=== Supplied records ===

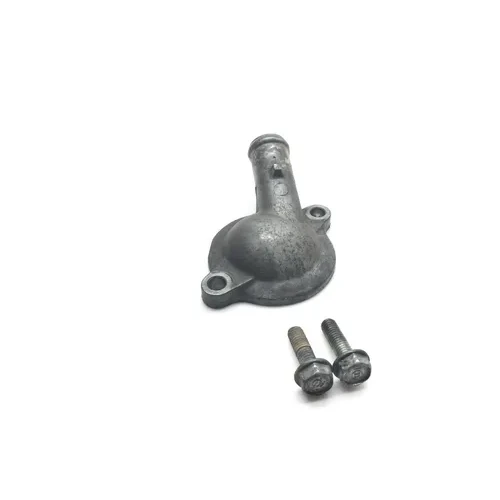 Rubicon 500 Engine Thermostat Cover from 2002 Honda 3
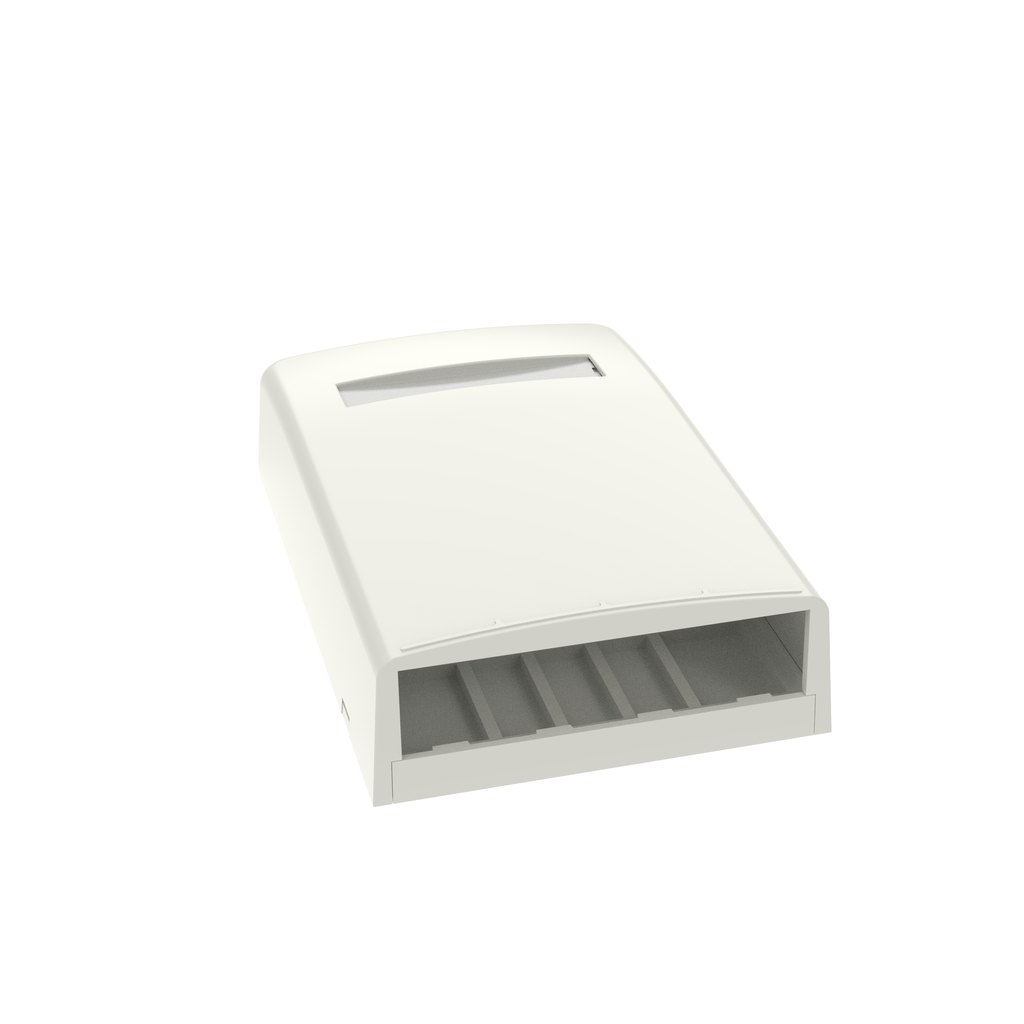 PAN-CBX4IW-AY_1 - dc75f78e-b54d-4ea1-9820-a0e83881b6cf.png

===
=== Supplied records ===

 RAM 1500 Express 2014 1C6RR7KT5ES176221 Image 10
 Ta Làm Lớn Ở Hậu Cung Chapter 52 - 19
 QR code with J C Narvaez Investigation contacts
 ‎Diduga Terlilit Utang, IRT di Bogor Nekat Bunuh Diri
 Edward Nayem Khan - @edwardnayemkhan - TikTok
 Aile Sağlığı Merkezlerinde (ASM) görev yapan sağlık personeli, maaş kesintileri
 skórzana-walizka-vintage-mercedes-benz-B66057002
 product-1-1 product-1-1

===
=== Supplied records ===

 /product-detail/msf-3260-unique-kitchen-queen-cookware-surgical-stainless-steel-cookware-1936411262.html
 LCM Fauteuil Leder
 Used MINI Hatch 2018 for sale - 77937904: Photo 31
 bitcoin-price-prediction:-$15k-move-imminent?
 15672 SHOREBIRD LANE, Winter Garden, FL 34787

===

▸ What you are asked to do
Wherever "product" occurs in the records above, copy the line it sits in.

▸ Answer to this problem
 product-1-1 product-1-1
 /product-detail/msf-3260-unique-kitchen-queen-cookware-surgical-stainless-steel-cookware-1936411262.html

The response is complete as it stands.